▶ [Exercise]: Write the records below out in full, character for character, with no pictures.

Crawled caption data:
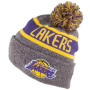New Era Marl Wintermütze Los Angeles Lakers (80524571)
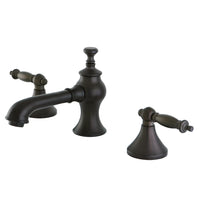 Thumbnail for Kingston Brass KC7065TL 8 in. Widespread Bathroom Faucet, Oil Rubbed Bronze - BNGBath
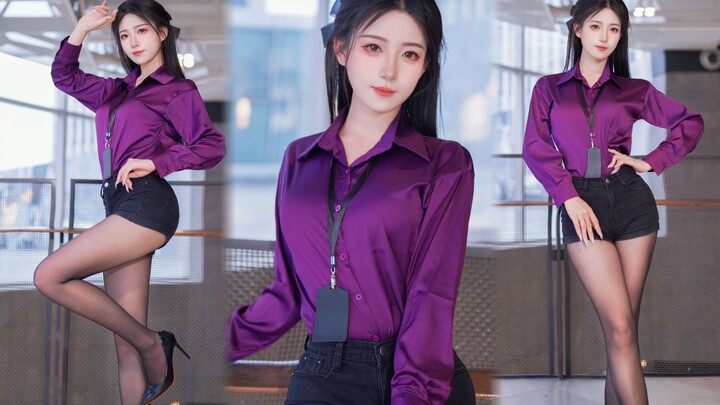 ขนาดนี้ยังไม่หวั่นไหว🔥คุณเป็นนินจาเหรอ【AOA】
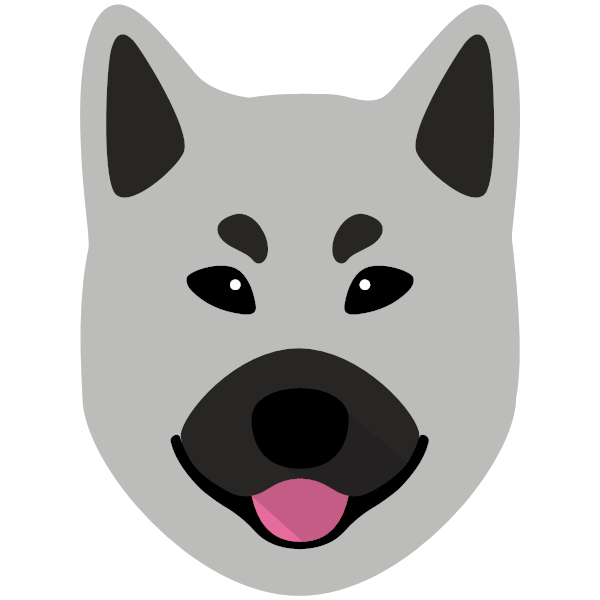 Norwegian Elkhound Icon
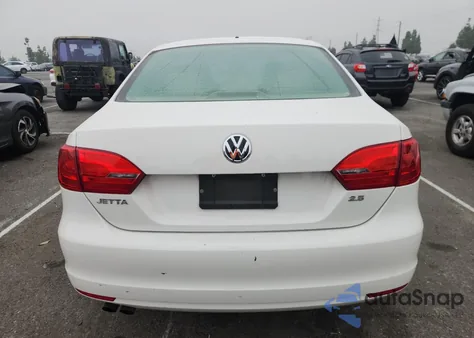 2011 Volkswagen Jetta Se from USA, damaged, VIN 3VWDZ7AJ6BM380224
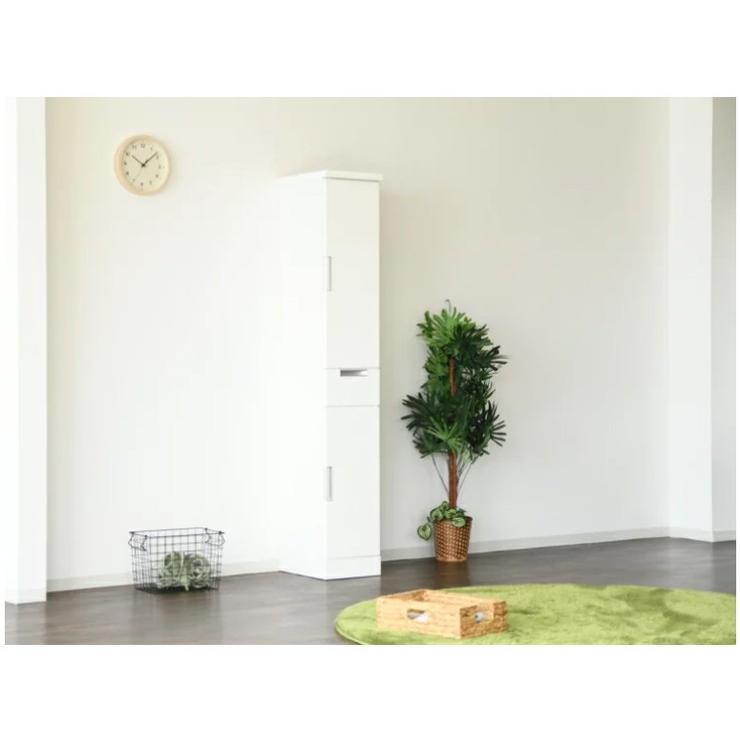 隙間収納 すき間収納 幅30cm 奥行40cm 高さ180cm 国産 完成品 収納 スペースラック キッチン ランドリー 代引不可 |  | 02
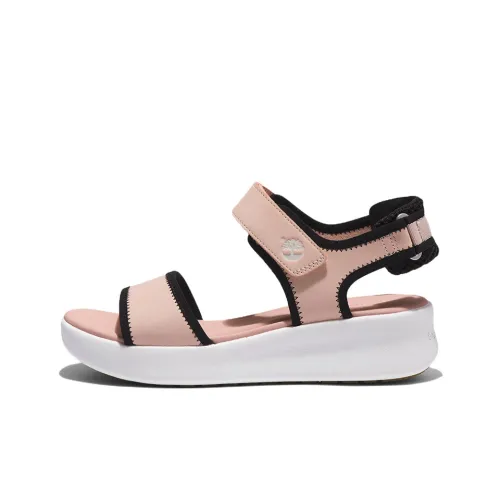 Timberland Beach Sandals Women's Pink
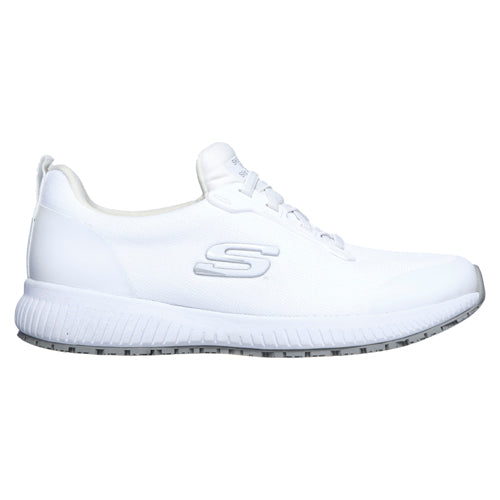 Skechers Work Shoes - 77222EC - White - Greenes Shoes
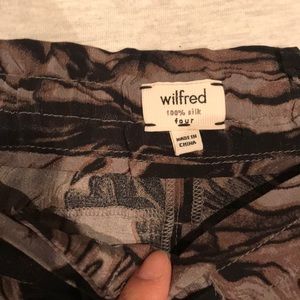 Wilfred Pants - NWT Wilfred washed silk pants Wilfred Pants - NWT Wilfred washed silk pants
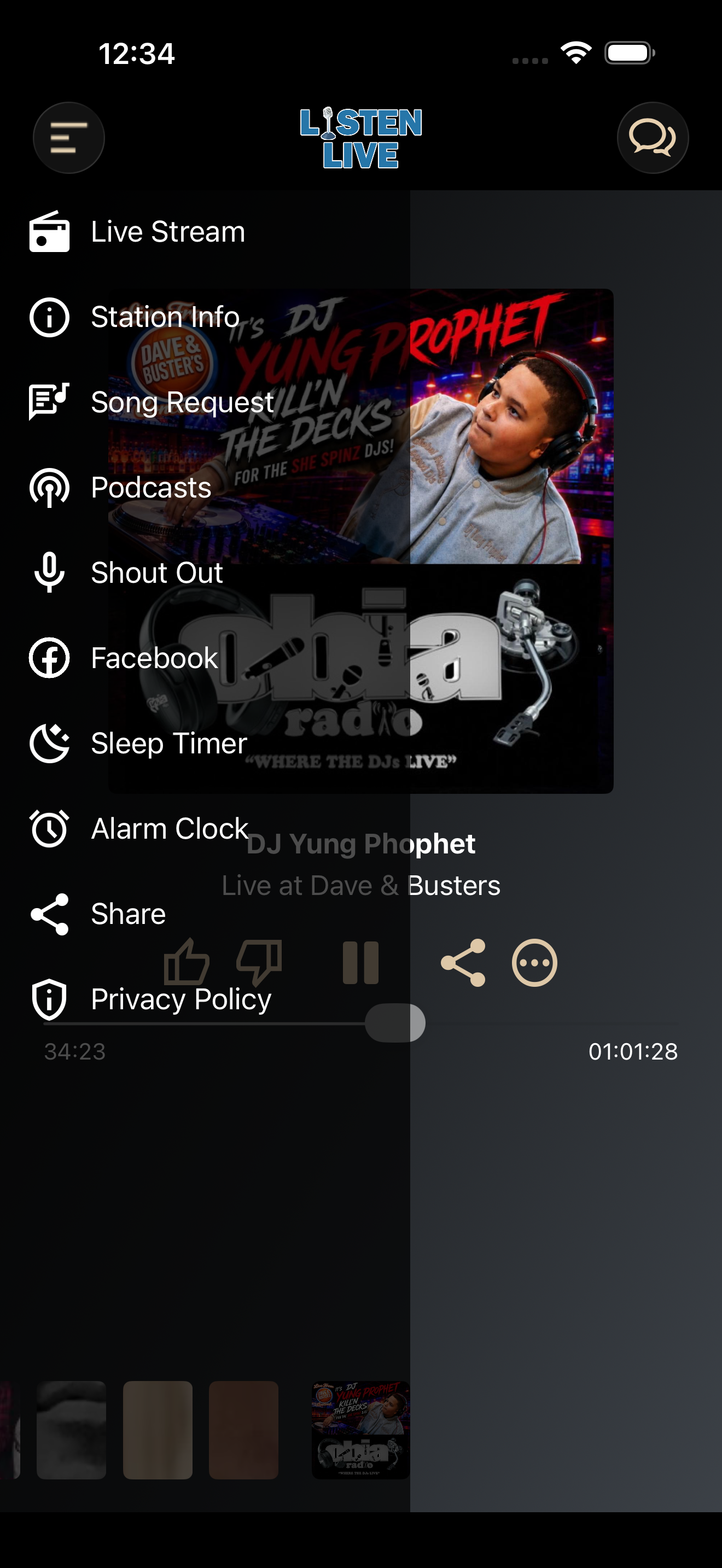 Obia Radio screenshot 4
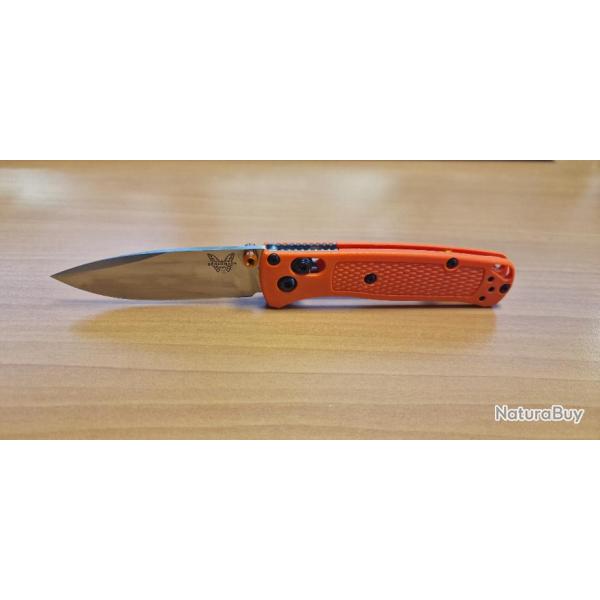 Couteau pliant BENCHMADE Mini Bugout - Occasion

▶ [Solution below]:
New Era Marl Wintermütze Los Angeles Lakers (80524571)
 Thumbnail for Kingston Brass KC7065TL 8 in. Widespread Bathroom Faucet, Oil Rubbed Bronze - BNGBath
 ขนาดนี้ยังไม่หวั่นไหว🔥คุณเป็นนินจาเหรอ【AOA】
 Norwegian Elkhound Icon
 2011 Volkswagen Jetta Se from USA, damaged, VIN 3VWDZ7AJ6BM380224
 隙間収納 すき間収納 幅30cm 奥行40cm 高さ180cm 国産 完成品 収納 スペースラック キッチン ランドリー 代引不可 |  | 02
 Timberland Beach Sandals Women's Pink
 Skechers Work Shoes - 77222EC - White - Greenes Shoes
 Wilfred Pants - NWT Wilfred washed silk pants Wilfred Pants - NWT Wilfred washed silk pants
 Obia Radio screenshot 4
 Couteau pliant BENCHMADE Mini Bugout - Occasion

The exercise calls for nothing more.